EXERCISE - For the material that follows, return exactly the lines from the one with "Litlle girl playing on the hopscotch" through the one with "a sign for a", both ends included.

RECORD EXTRACTS -
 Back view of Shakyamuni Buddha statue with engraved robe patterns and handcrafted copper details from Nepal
---
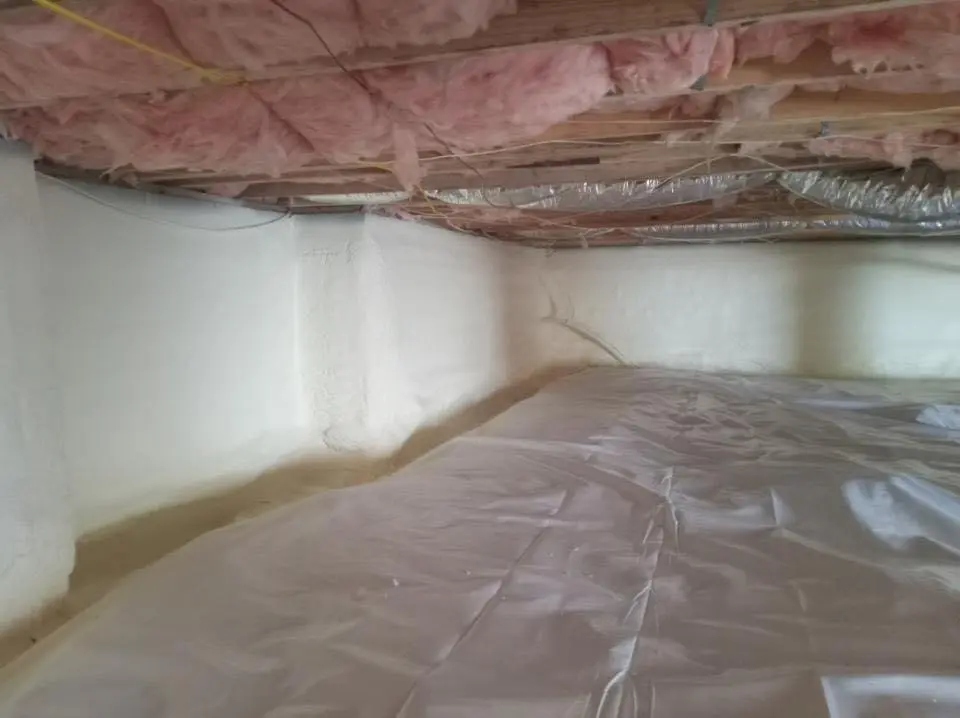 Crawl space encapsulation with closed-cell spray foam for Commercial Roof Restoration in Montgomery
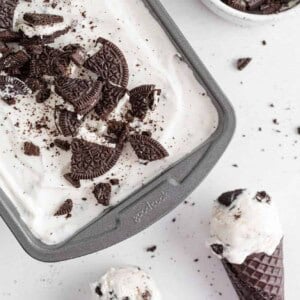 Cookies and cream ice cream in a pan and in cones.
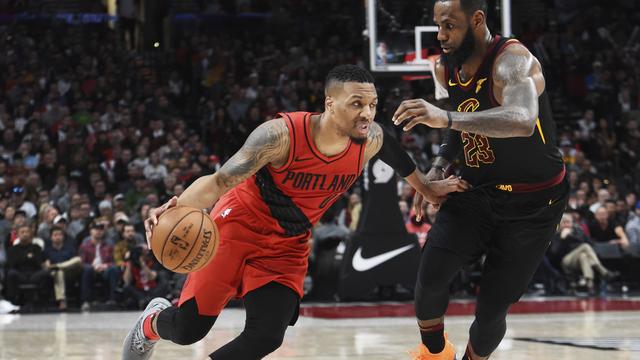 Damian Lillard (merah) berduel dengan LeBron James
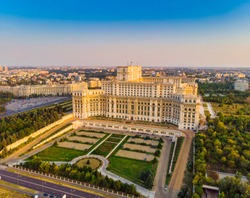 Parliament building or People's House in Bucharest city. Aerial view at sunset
--
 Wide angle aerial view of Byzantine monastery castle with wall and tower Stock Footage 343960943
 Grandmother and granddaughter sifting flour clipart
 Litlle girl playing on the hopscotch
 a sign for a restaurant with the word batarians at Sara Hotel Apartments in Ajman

THE COMPLETED TASK -
 Litlle girl playing on the hopscotch
 a sign for a restaurant with the word batarians at Sara Hotel Apartments in Ajman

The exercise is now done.